As I have been writing these daily blog posts about Christmas I cannot help but think that the issues that I have been writing about may see somewhat trivial to many people. My aim has been, like the blog more generally, to reflect our lives and concerns as a family, and chronicle the changes that I experience as a father of two young boys. The blog helps me to say that I do not find being a father easy, but also says that when I do put the effort in then the rewards are often great.

It is very natural for us to be concerned about our own situations and see the challenges that lie therein. Parenthood is difficult and Christmas is no different in that respect. In many ways those difficulties are magnified at this time of year as relationships and lives come under the microscope.

So I did want to take a moment, amidst my own issues, to remember those for whom Christmas is a far from happy time for whatever reason; be it bereavement, poverty, family crisis, conflict or environmental disaster. People for whom having a ‘normal Sunday‘ on Christmas Day would be something to dream about.

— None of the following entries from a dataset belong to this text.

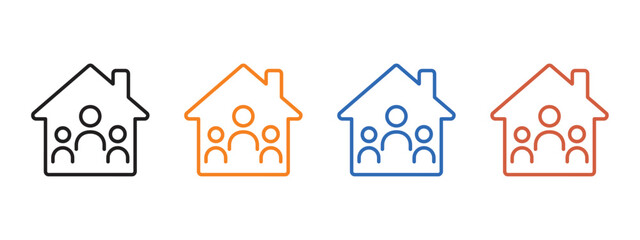 Family home, home ownership, homeless shelter, community center, refugee camp icon vector. safety, community, and belonging symbol. vector illustration.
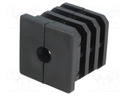Plugs; for feet fastening,for profiles; Body: black; H: 37mm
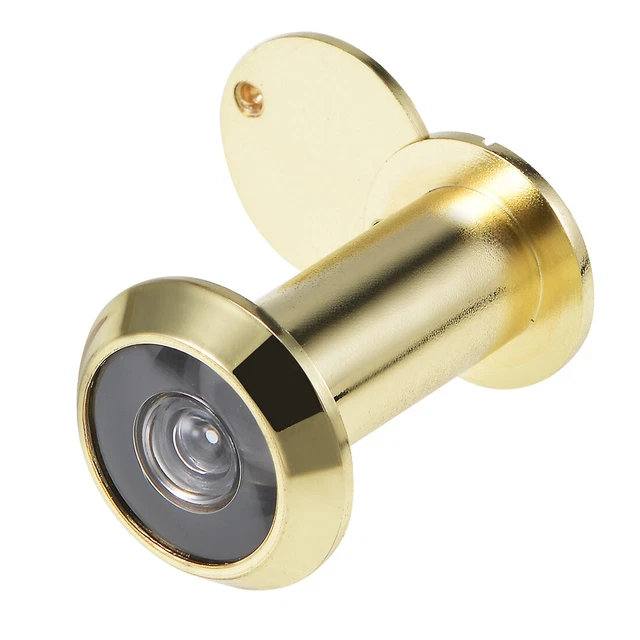 Brass 220-degree Door Viewer with Cover for 35mm-60mm Doors Polished Gold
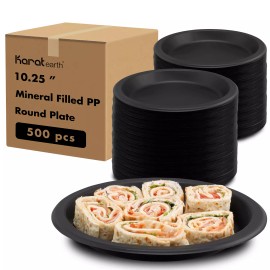 Karat Earth 10.25" Mineral Filled PP Round Plate, Black, 1 compartment - 500 pcs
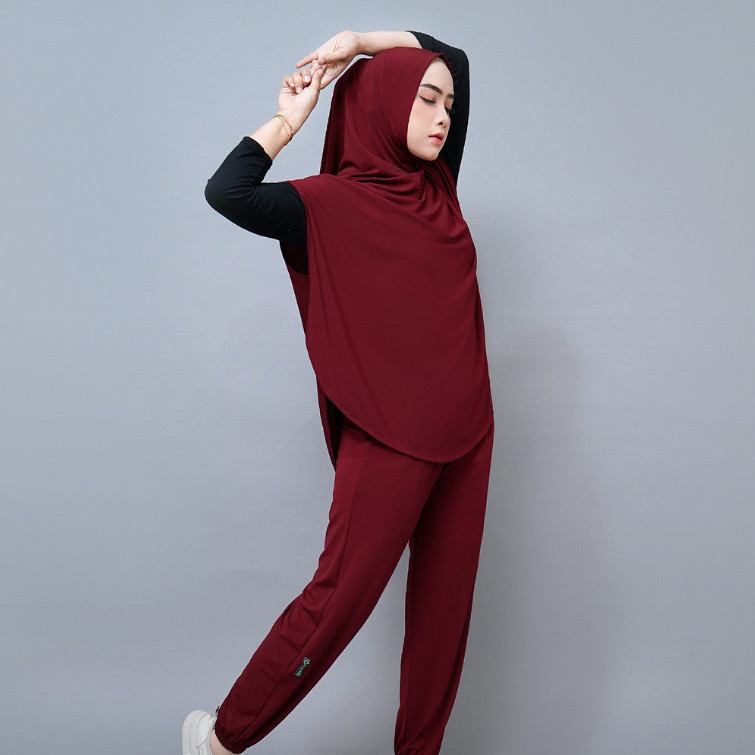 newHIJACTIVE - Setelan Olahraga Jogging Senam Zumba Badminton Renang Wanita Muslimah Outer Hijab dan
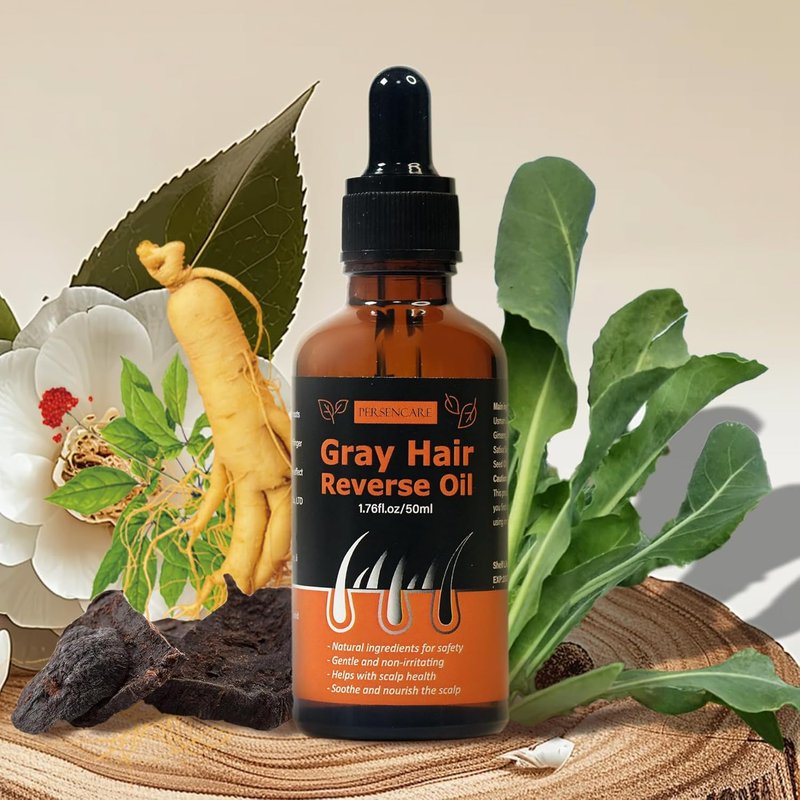 Herbal Gray Hair Reverse Essential Oil - Darkening Conditioner & Growth Serum | Usma Polygonum Multiflorum Blend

Concern for those who are less fortunate at Christmas for me is personified by my Auntie Enid, who lost her husband at an early age and who for the first few years after he died used to sit by his grave in the rain and freezing cold on Christmas Day. She refused all offers from family and friends to be with them at Christmas, saying she preferred being with her husband whose death had obviously devastated her.

Then she heard about Crisis at Christmas, a charity who provide homeless people in London with shelter, fresh clothes and food over the Christmas period. Her Christmases were transformed as she spent a week every year sleeping on concrete floors, and serving and washing the feet of some of London’s most disadvantaged people. She also used to collect clothes for the charity during the year and sent at least a large lorry load down to London every year.

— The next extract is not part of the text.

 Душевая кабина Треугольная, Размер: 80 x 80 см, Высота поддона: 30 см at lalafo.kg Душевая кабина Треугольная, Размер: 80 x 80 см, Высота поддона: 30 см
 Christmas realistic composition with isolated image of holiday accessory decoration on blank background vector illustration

Out of her own grief Auntie Enid, who sadly died last year, made such a huge difference to so many people at Christmas time; and she got a huge amount of pleasure from what she did but did not want to accept any praise for it since is was also her way of coping with this time of year.

I am always very humbled when I think of Auntie Enid and the people she cared for. It reminds me that Christmas is not such a joyous time for every one, and I am very lucky to have what I have. This helps me to realise this and, while it does not take away the real concerns and challenges that my own situation brings, it helps me put them in perspective.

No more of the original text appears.